* Your goal *
The reply should consist solely of the lines from the one with "Custom carbon fiber" through the final line of the listing, copied exactly, with no pictures.

* Provided material *
--- --- ---
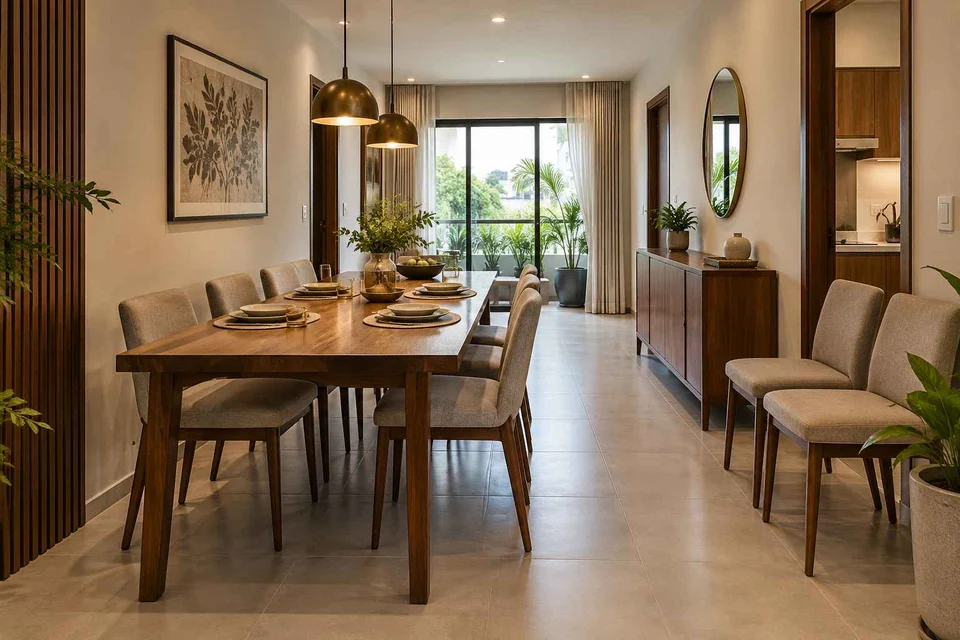 AI-generated dining-room concept: narrow-room side dining, flexible extra seats direction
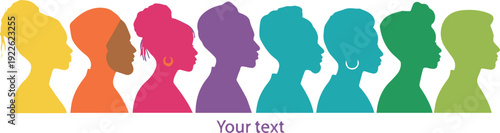 Diverse group of women silhouettes in various colors, customizable template for diversity and inclusion concepts, equality and community.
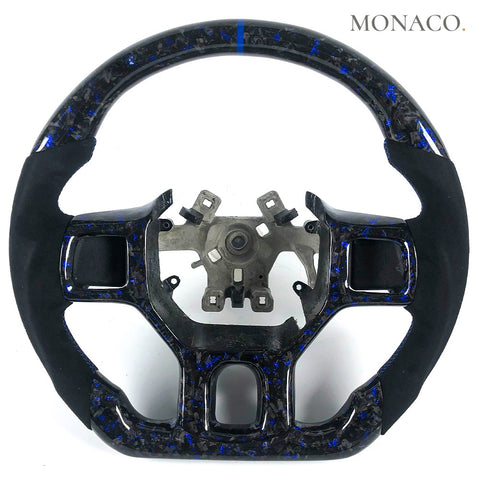 Custom carbon fiber steering wheel for Dodge Ram 3500 4500 5500 (2010–2018): Black Suede Forged Carbon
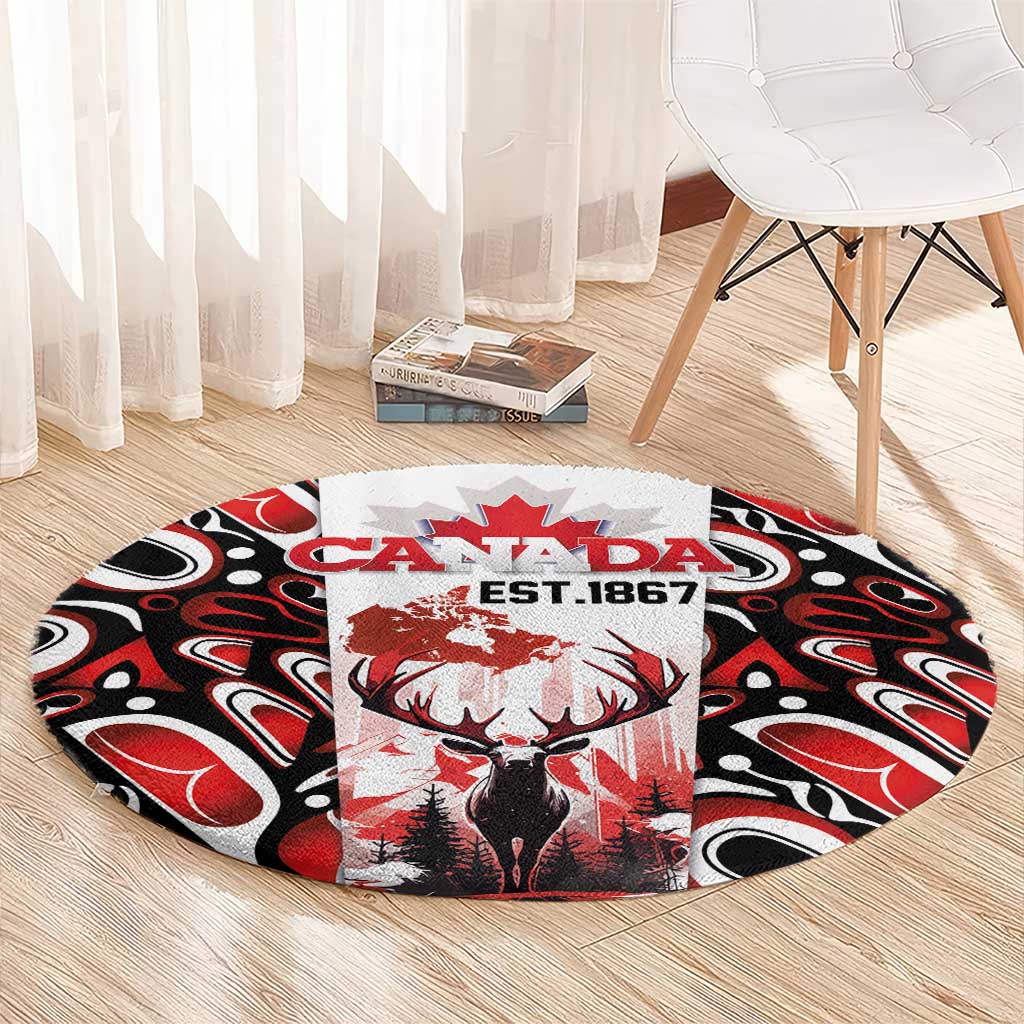 Canada Day Round Carpet The Forest Moose and Maple Leaves-Haida Pattern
--- --- ---
* Written response *
 Custom carbon fiber steering wheel for Dodge Ram 3500 4500 5500 (2010–2018): Black Suede Forged Carbon
 Canada Day Round Carpet The Forest Moose and Maple Leaves-Haida Pattern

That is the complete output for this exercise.